## What is expected
Leaving the pictures aside, repeat each line below exactly.

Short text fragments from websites
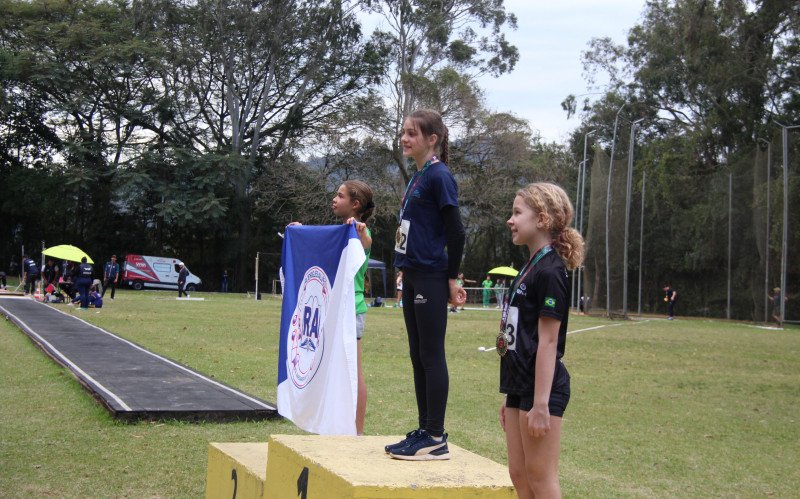 Troféu IENH de Atletismo movimentou o Campo da Fundação Evangélica neste sábado (16)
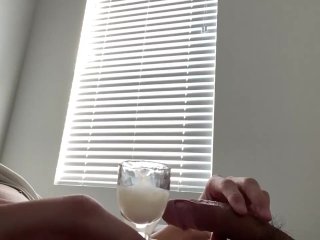One week load / Cumming in a glass (1週間禁欲、ショットグラスの中で射精)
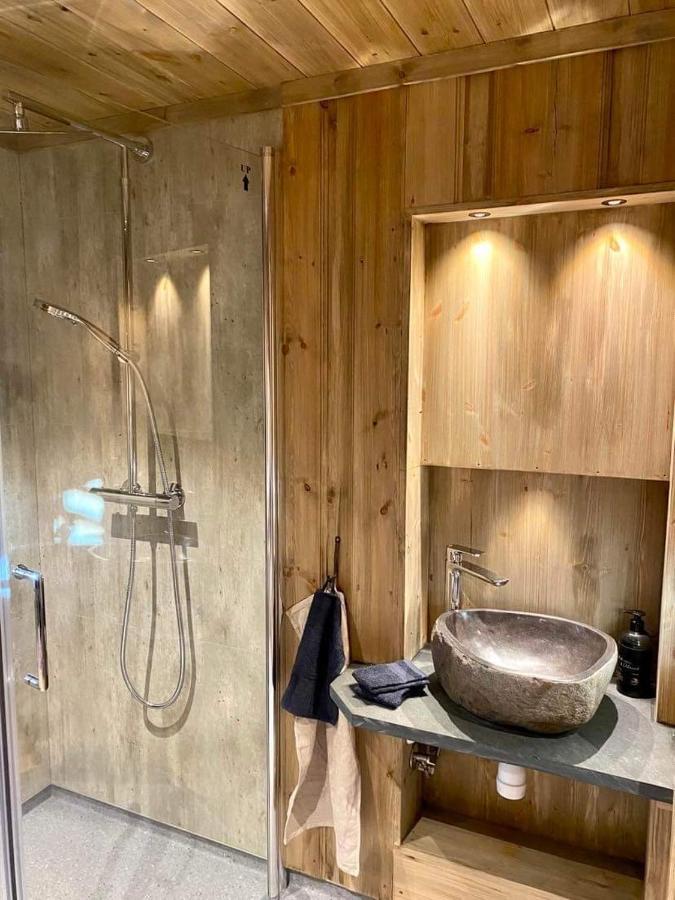 Sauefjoset - Idyllisk Gardstun Fra 1800-Tallet Skjåk エクステリア 写真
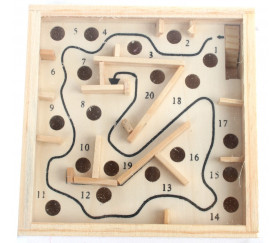 mini labyrinthe en bois 11.5 x 11.5 cm
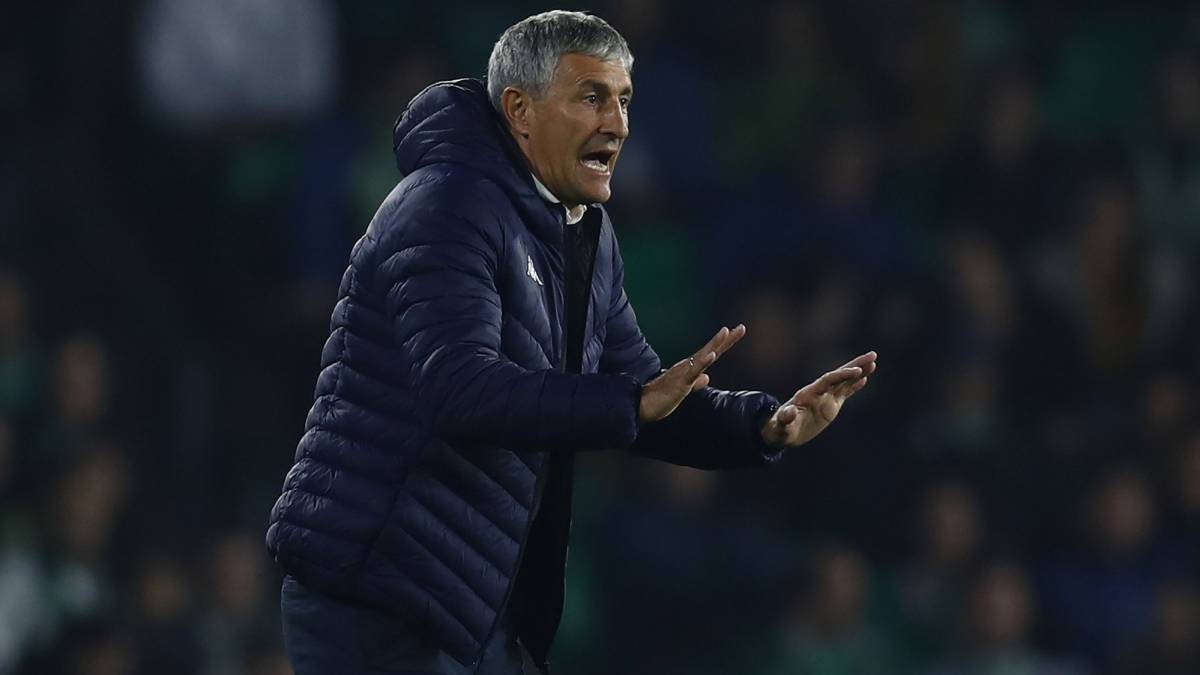 El técnico del Betis, Quique Setién, durante un partido.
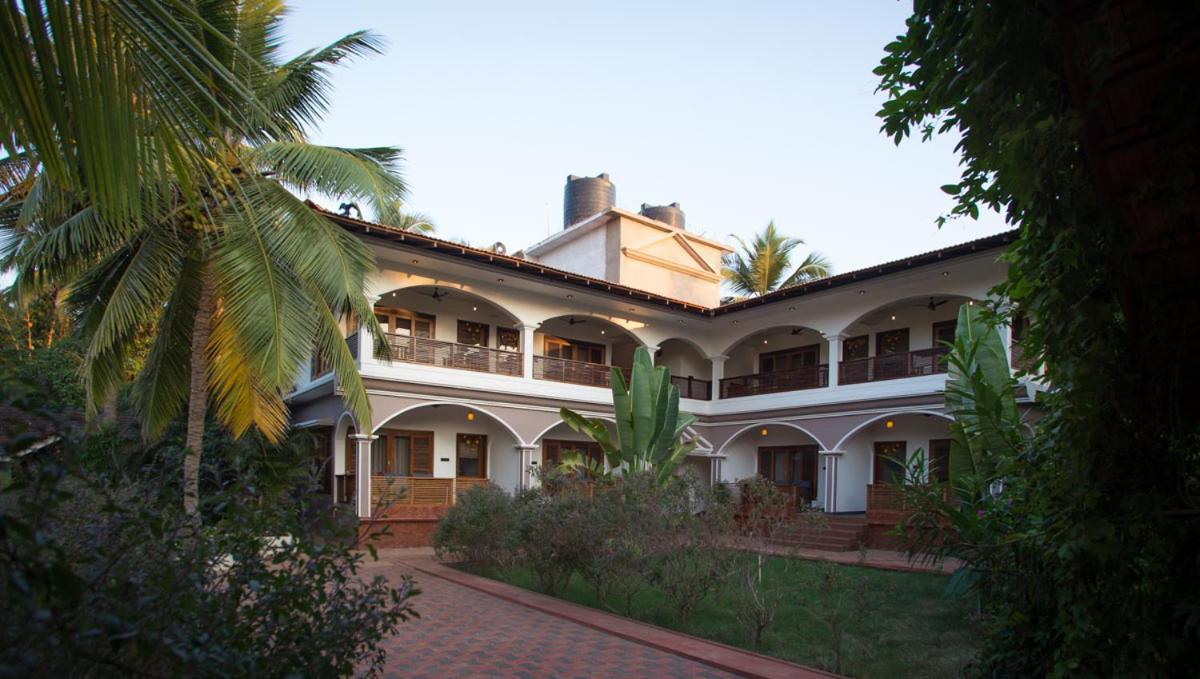 Dunhill Beach Resort Агонда Экстерьер фото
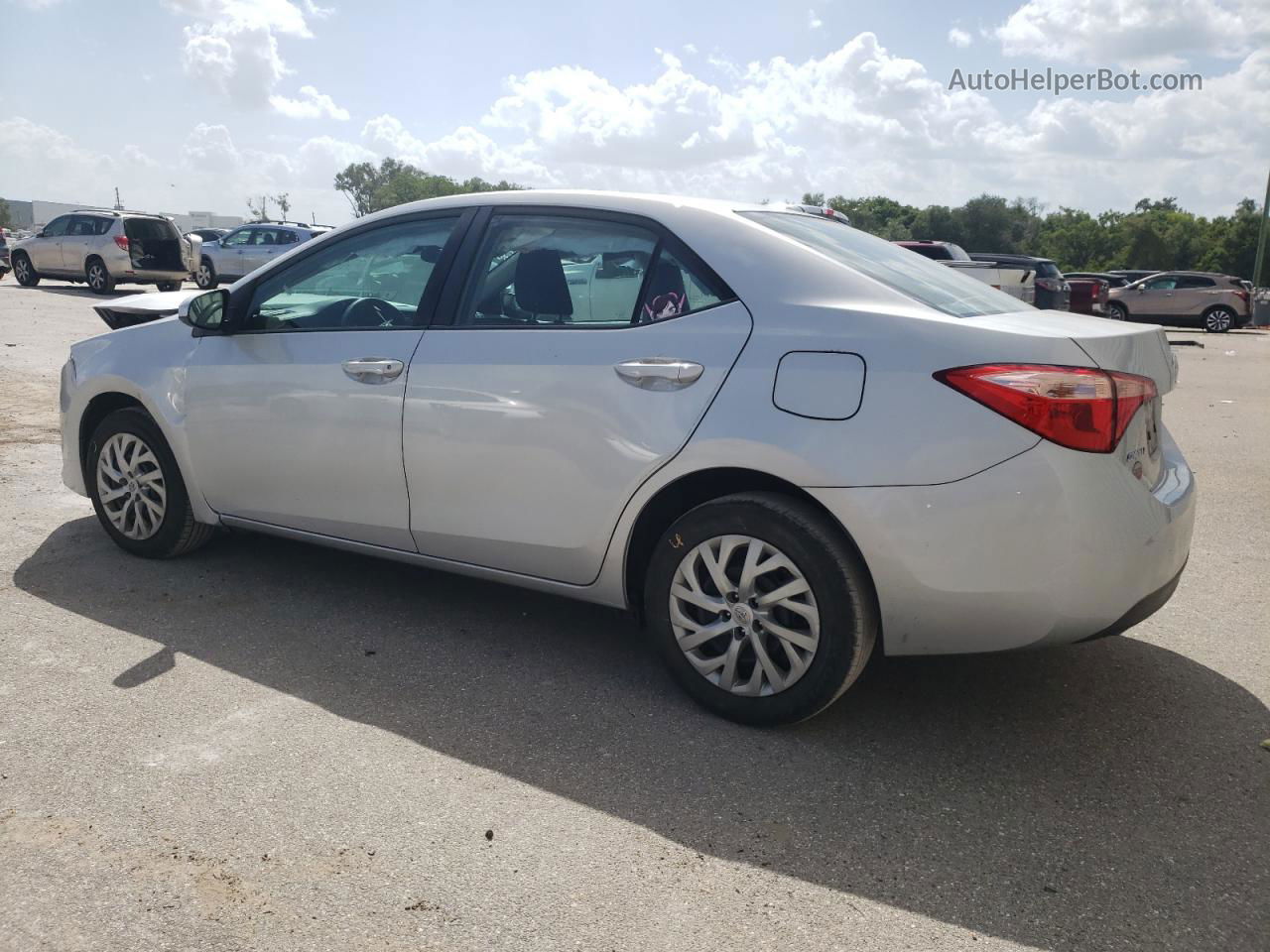 2019 Toyota Corolla L Silver vin: 2T1BURHE6KC207843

## Answer
 Troféu IENH de Atletismo movimentou o Campo da Fundação Evangélica neste sábado (16)
One week load / Cumming in a glass (1週間禁欲、ショットグラスの中で射精)
 Sauefjoset - Idyllisk Gardstun Fra 1800-Tallet Skjåk エクステリア 写真
 mini labyrinthe en bois 11.5 x 11.5 cm
 El técnico del Betis, Quique Setién, durante un partido.
 Dunhill Beach Resort Агонда Экстерьер фото
 2019 Toyota Corolla L Silver vin: 2T1BURHE6KC207843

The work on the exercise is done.